* _WHAT TO WORK ON_
What is needed is an exact copy of the lines from the one containing "Max Verstappen of" through the last line of the records below, with no pictures.

* _PROVIDED DATA_
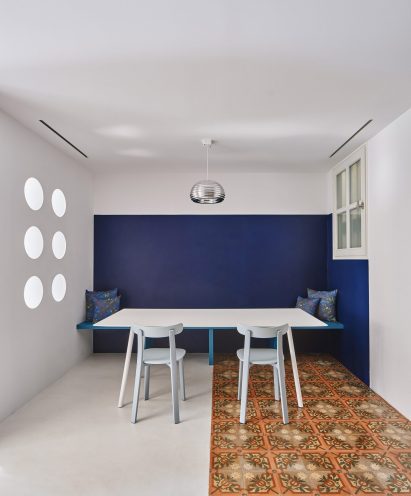 Dining room interior of Girona Street apartment in Barcelona, designed by Raúl Sanchez Architects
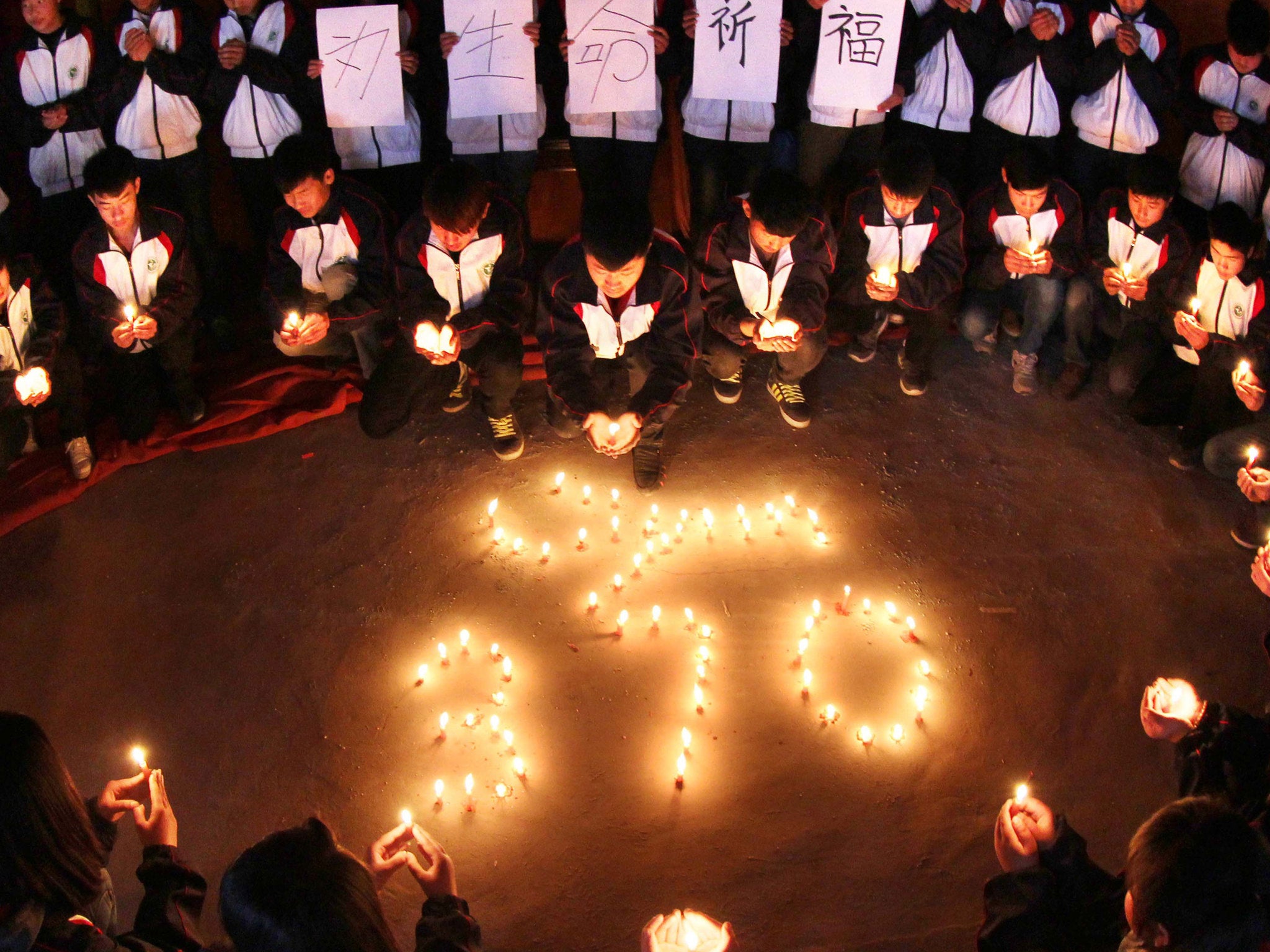 High school students hold candles during a vigil for passengers of the missing Malaysia Airline flight MH370 in China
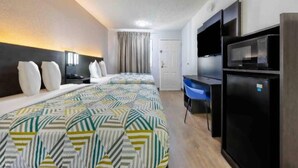 A hotel room with a bed, a desk, a chair, a TV, and a refrigerator. - 2 Full Beds | Non-Smoking (Fort Worth TX)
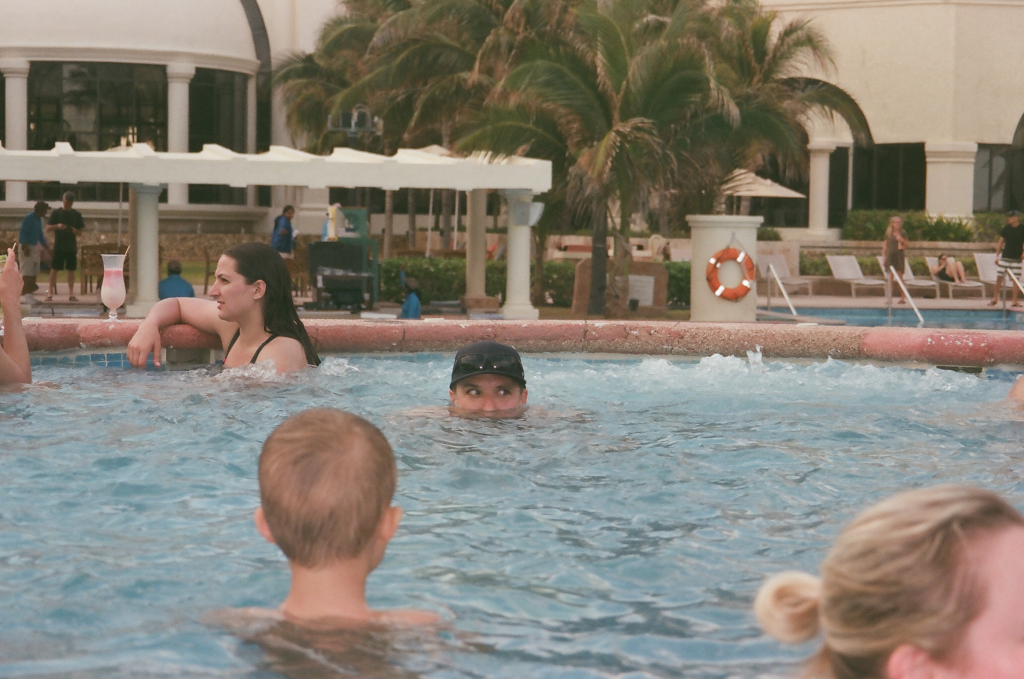 A man in a hot tub, showing only his eyes and the top of his head.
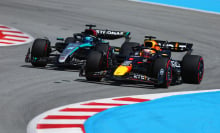 Max Verstappen of the Netherlands driving the Oracle Red Bull Racing RB20 overtakes George Russell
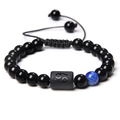 Cancer zodiac braided bracelet with black beads and a blue accent on white background - Cancer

* _OUTPUT OF THE TASK_
 Max Verstappen of the Netherlands driving the Oracle Red Bull Racing RB20 overtakes George Russell
 Cancer zodiac braided bracelet with black beads and a blue accent on white background - Cancer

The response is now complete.